シヴァ《…相変わらずすげぇな…『維持』の創界神の察知能力…》

 

アンタークとヴィシュヌが何時ものじゃれあいを繰り広げていた途中、ヴィシュヌの目が鋭くなって西の方角を睨み付ける。その直後、会議室に橙とてゐが駆け込んできた。

 

紫「…太陽の花畑…彼岸…!」

 

永琳「予想通りね。紫、地図出せる?」

 

紫「…ウニョン…バラッ…これよ。ここが太陽の花畑と彼岸で、ここが人里。たぶん敵は人里目指して侵攻すると思われるわ」

 

アテナ《そうですね。非戦闘員を捕虜にすれば戦争は軽く終わります》

 

スキマから紫が出した地図を見て一同作戦を察知した。人里と太陽の花畑並びに彼岸とは距離があるものの、彼岸が幻想郷北部に位置しているのに対し、太陽の花畑は幻想郷の西だ。

 

弾「…よし…一応人里にいる奴も入れて三手に別れよう。絶対に人里との間…霧の湖と無名の丘で食い止める!!全員…!死ぬなよ!!」

 

全員「《おう!!》」

 

 

 

 

 

 

 

 

 

 

 

 

 

阿求「…大丈夫でしょうか?」

 

アテナ《任せなさい。
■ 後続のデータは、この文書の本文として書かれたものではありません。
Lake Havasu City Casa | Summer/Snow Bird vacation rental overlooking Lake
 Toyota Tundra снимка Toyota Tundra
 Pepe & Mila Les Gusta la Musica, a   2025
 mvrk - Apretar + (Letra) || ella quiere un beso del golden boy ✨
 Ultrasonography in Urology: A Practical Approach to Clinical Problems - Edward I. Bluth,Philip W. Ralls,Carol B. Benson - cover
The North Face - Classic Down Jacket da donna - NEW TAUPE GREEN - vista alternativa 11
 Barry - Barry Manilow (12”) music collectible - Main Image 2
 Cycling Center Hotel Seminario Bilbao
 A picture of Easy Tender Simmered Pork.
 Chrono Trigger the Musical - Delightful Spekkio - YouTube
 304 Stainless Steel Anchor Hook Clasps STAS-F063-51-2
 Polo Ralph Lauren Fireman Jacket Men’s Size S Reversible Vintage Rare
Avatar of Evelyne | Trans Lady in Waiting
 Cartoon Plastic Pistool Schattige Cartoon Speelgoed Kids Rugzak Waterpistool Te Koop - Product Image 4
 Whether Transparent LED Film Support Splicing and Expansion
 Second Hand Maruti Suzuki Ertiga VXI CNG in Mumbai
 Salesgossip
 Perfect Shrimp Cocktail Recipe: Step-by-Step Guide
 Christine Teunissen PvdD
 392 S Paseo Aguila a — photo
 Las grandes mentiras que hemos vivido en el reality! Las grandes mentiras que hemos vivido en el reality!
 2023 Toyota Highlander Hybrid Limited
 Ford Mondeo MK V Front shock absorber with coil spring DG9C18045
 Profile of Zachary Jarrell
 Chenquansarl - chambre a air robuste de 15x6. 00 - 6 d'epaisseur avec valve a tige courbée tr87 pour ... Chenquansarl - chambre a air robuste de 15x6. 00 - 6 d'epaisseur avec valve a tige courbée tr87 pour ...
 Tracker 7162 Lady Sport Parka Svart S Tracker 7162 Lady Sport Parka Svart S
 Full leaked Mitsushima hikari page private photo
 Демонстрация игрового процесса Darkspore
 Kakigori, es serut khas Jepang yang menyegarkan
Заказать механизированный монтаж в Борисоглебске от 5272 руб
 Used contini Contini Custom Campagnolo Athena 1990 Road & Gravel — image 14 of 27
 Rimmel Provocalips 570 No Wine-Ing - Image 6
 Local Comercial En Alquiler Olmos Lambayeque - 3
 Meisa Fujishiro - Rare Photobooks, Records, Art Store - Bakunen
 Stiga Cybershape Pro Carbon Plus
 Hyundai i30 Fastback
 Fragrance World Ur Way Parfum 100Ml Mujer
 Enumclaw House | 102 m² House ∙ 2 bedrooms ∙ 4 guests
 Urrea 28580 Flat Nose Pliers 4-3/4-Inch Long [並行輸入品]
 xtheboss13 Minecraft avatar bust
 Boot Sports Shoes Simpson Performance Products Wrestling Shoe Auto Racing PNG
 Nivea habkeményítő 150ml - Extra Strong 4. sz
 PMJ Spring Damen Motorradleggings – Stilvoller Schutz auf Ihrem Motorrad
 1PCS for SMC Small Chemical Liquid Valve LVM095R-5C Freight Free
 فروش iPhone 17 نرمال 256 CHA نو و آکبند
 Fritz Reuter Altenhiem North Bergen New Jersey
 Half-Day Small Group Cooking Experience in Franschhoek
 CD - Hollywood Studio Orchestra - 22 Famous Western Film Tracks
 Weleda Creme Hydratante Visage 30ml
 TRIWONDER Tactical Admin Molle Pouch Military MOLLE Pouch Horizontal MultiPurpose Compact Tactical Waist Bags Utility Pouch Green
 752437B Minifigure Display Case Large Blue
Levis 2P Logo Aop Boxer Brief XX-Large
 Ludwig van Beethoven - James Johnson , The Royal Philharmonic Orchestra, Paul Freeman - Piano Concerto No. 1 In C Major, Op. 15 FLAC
『守る』ことに関しては得意中の得意です》

 

慧音「…みんな…無事でいろよ…!」

 

アンターク《……本当にゾンビになったら承知しないわよ…》

 

輝夜「ああもう!神が仕事中じゃなきゃ私も戦ったのに!」

 

レミリア「うぇぇん!おいてかれたぁぁ!」

 

人里組 阿求&アテナ 慧音&アンターク 輝夜 レミリアその他

 

 

 

 

鈴仙「…ガタガタガタガタ…」

 

弾「…大丈夫かなぁ…?」

 

永琳「…はぁ……やるしかないわ」

 

妖夢「…私こっちで良いんですかね?」

 

フラン「頑張る~!」

 

咲夜「…まだ未来は見えない…」

 

魔理沙「へへ!」

 

無名の丘組 弾、永琳、鈴仙、妖夢、フラン、咲夜、魔理沙

 

 

 

紫「…ブツブツ…どうして弾と一緒じゃないのよ…ブツブツ」

 

蓮子「しっかりしてよメリー!」

 

霊夢「……あの女…会ったらとっちめる!」

 

妹紅「さぁて…閻魔様にケンカ売りに行くか!」

 

幽々子「死ぬ気で頑張るわ~♪」

 

魅魔「おなじくぅ~!」

 

アリス「…死人と悪霊の死ぬ気は信用ならないわよ…」

 

霧の湖組 紫、蓮子、霊夢、妹紅、幽々子、アリス、魅魔

 

 

 

 

 

 

 

???《 …フォフォフォ…さて…準備はできたかの?

 

 

 

…いざ…開戦…!!

 

 

 




はい。ありがとうございました。

もう大結界異変の面影なし!今回の異変はザ!戦争です!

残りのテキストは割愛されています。